__EXERCISE OBJECTIVE__: The answer is the first line of the listing and every line after it through the one containing "The middle is", exact, with pictures removed.

__SUPPLIED DATA__:
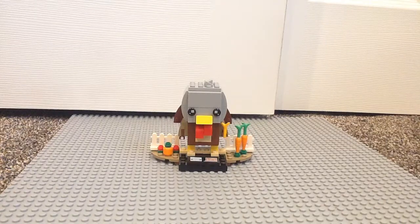Hey, what's up and welcome back to Wonderboy, where today I'm going to be reviewing the Lego Brickheads Turkey set. This set has 114 pieces, retailed for $10, it is now $5 at Lego Store, and is set 40273.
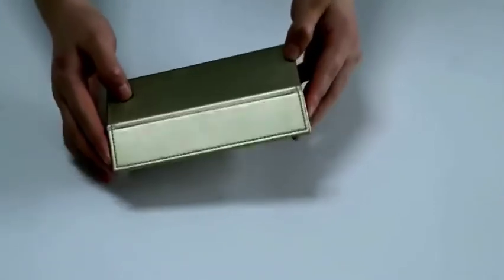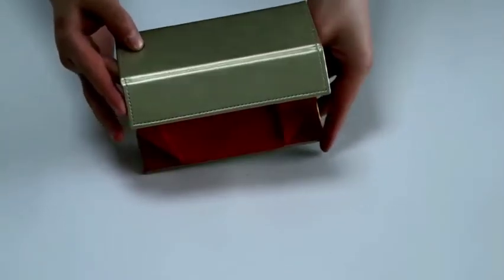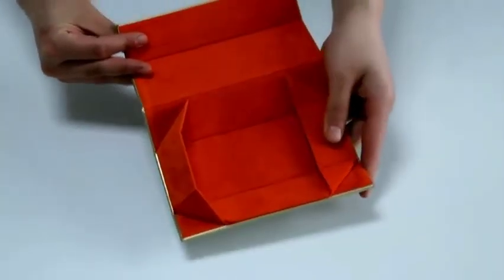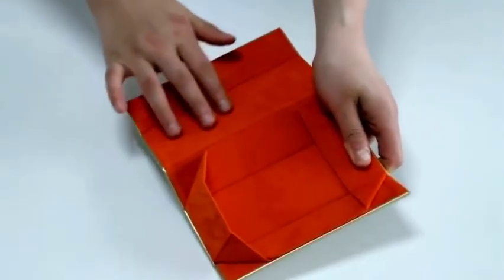The middle is made of leather grain paper, and the inner is made of soft drainer. It touches very soft and smooth.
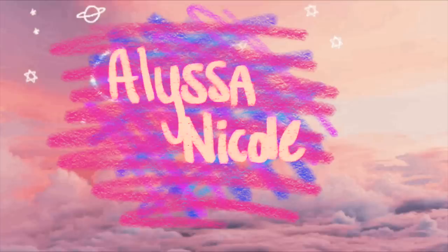Hey everybody, it's Lyssa. Welcome back to my channel. Today I am here with another piercing video. I'm sorry if you can hear rain in the background and the lighting is really bad. It's thunderstorming outside and I'm sitting right in front of the window trying to get some light, so I'm sorry if you can't see very well.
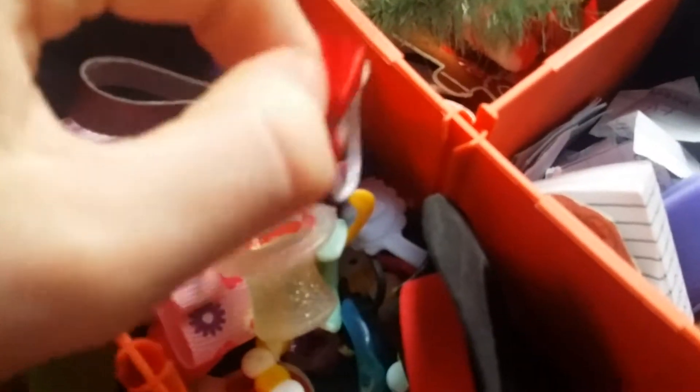This one doesn't have the categories, so does this one. Here is where I keep the school books, writing papers, and pencils, and these ones are great. And these are the accessories like hats, dresses, and stuff, and bows.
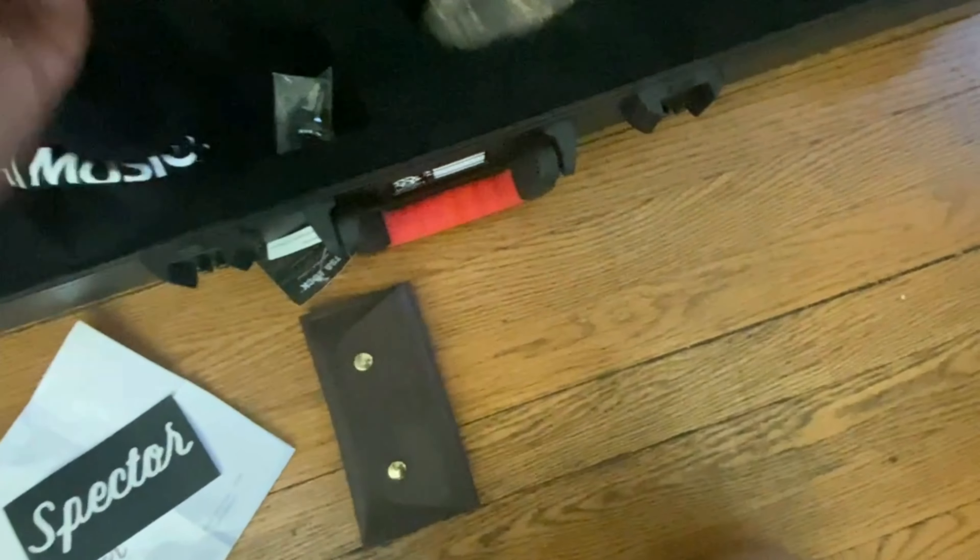You get a Spectre sticker, your keys, and in this pouch you get your allen wrenches.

__ANSWER TO THIS TASK__:
Hey, what's up and welcome back to Wonderboy, where today I'm going to be reviewing the Lego Brickheads Turkey set. This set has 114 pieces, retailed for $10, it is now $5 at Lego Store, and is set 40273.
The middle is made of leather grain paper, and the inner is made of soft drainer. It touches very soft and smooth.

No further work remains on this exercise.